The wild haired woman paused, recalling for the first time in years the sweet taste of her grandmother’s crab apple jelly on a piece of hot toast. It was delicious, there was nothing better. He was right. She could handle the thirty tons of apples–jelly she had done before without killing anyone.

But how does a giant box of tomatoes turn into restaurant style pacante sauce?

And how could she say no to a man who sees her as his only chance to taste, once again, his favorite homemade goodies?

She smiled and hefted the thirty ton bag of apples over her own shoulders as her pops set the boxes of tomatoes on the table in her quaint kitchen.

“Can’t wait,” chirped her Pops as he flew out the door.

“Me too,” whimpered the woman as she assessed the situation.

“You have not seen the last of me,” said the eliminated designer over her surround sound.

And so there she was, alone. Alone in a house filled with autumn’s harvest. Fruits of her father’s labor and a nearly 100 year old apple tree. The woman poured herself a glass of wine, accepted that television wouldn’t be an option for three to four years, sat down at the table, closed her eyes and tried her best to channel Martha Stewart…

…then woke up the next morning with a tomato stuck to her cheek and a vague memory of a dream involving Martha and a mini mansion made out of pumpkins.

She grabbed a cup of coffee and turned to the only thing she knew: Google.

Yup. She Googled it. She Googled  “tomato canning,” “salsa,” “what the hell is a hot water bath?” “can I poison relatives if I attempt to make homemade salsa without the supervision of a professional?” and “Martha, help me.”

Finding, again, no direct answers and no home phone number for Martha or Paula Dean, the woman put on her town clothes, went to work and talked to her neighbor….the same neighbor who got her out of the plum jelly mess of 2010.

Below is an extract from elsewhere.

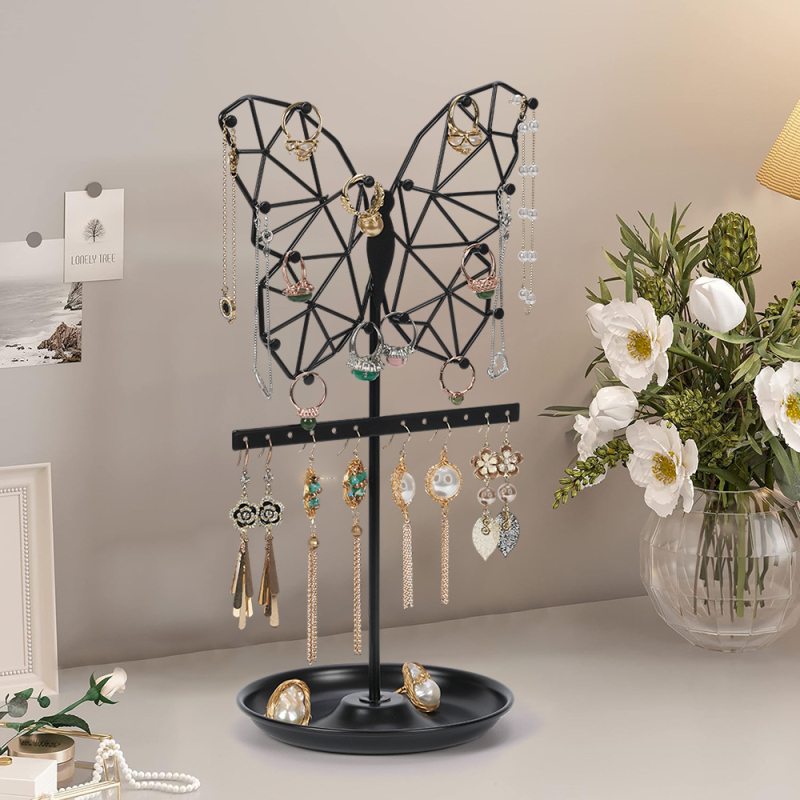 Talvine uus liblikate ehete vitriin rippuv vertikaalne kõrvarõngaste riiul käevõrude rida kaelakeede hoiuriiul laos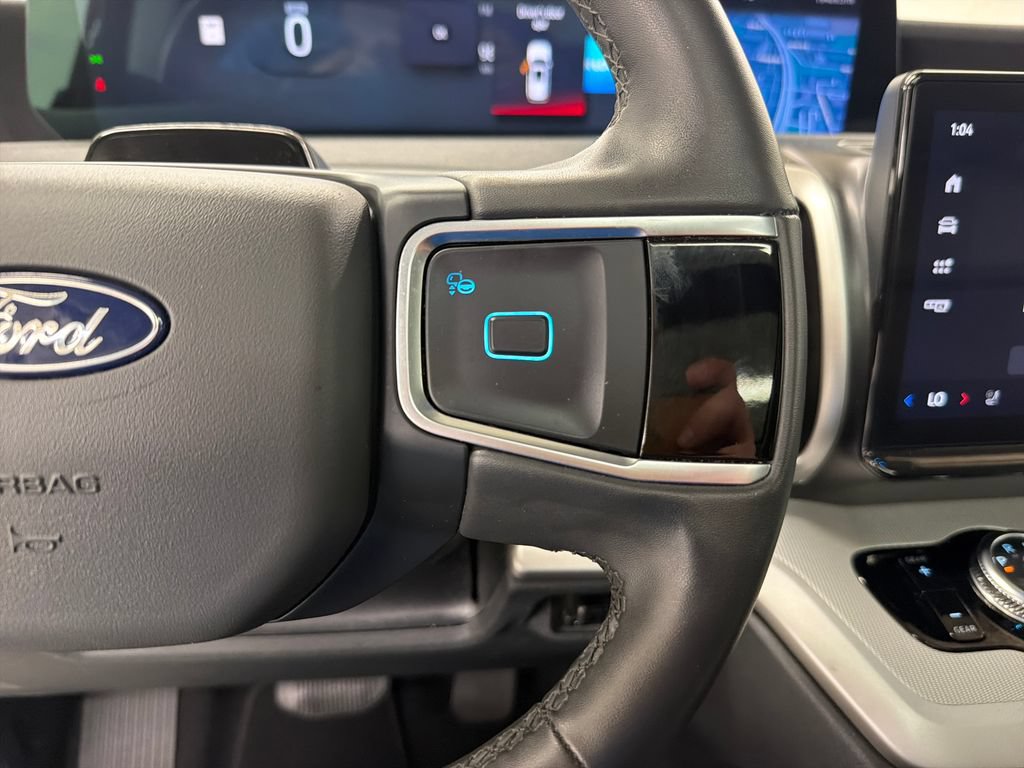 Certified 2025 Ford Expedition Active RWD image 24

And her life was saved as her lovely, experienced friend presented her with her mother’s own original tried and true salsa recipe. And as the wild haired woman marched her weary butt to the grocery store to pick up the rest of her ingredients, it occurred to her that the very recipe she had in her purse could possibly have been made by her grandmother. The two women were best friends!

Revitalized by that thought, the woman drove home, ran inside and unloaded her ingredients and set them alongside her hand-written recipe. She dove in…ignoring the fact that it was 8:30 pm on a Tuesday.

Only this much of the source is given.